* _YOUR GOAL_:
What is needed is an exact reproduction of the lines in the records below, starting at the line with "10163 Yorktown Way - Photo 20" and ending at the line with "L'Artisan Parfumeur Vanilia", both included, and nothing else; pictures stay out.

┌─ DATA UNDER STUDY

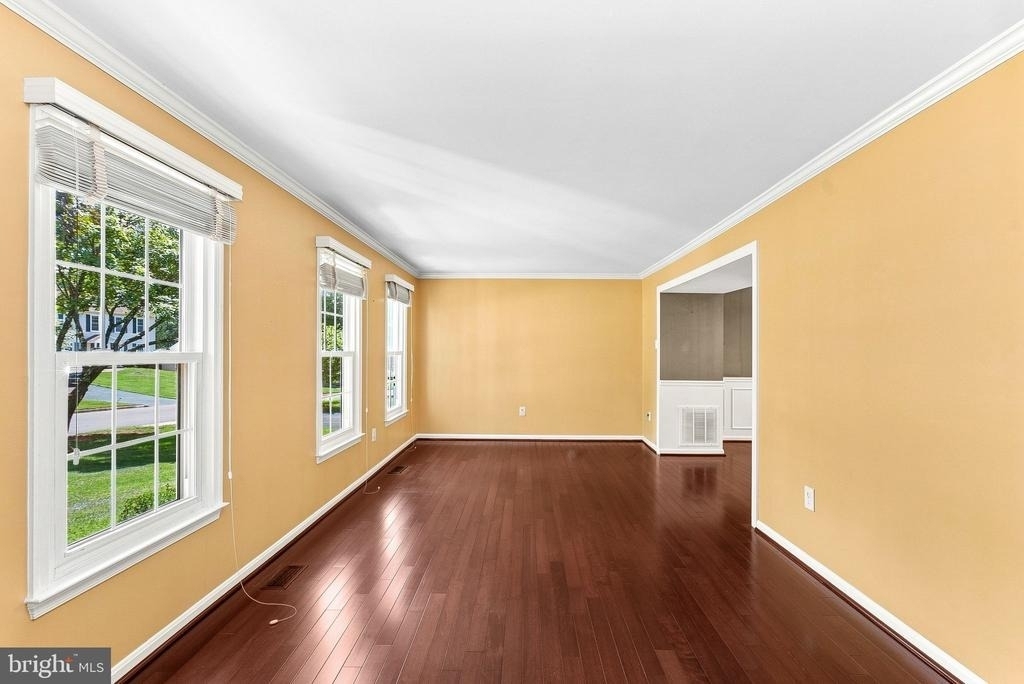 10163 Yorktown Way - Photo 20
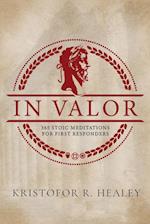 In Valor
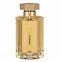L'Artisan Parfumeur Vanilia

└─
┌─ DATA UNDER STUDY

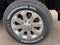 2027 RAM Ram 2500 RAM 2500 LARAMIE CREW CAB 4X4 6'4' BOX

└─

* _COMPLETED TASK_:
 10163 Yorktown Way - Photo 20
 In Valor
L'Artisan Parfumeur Vanilia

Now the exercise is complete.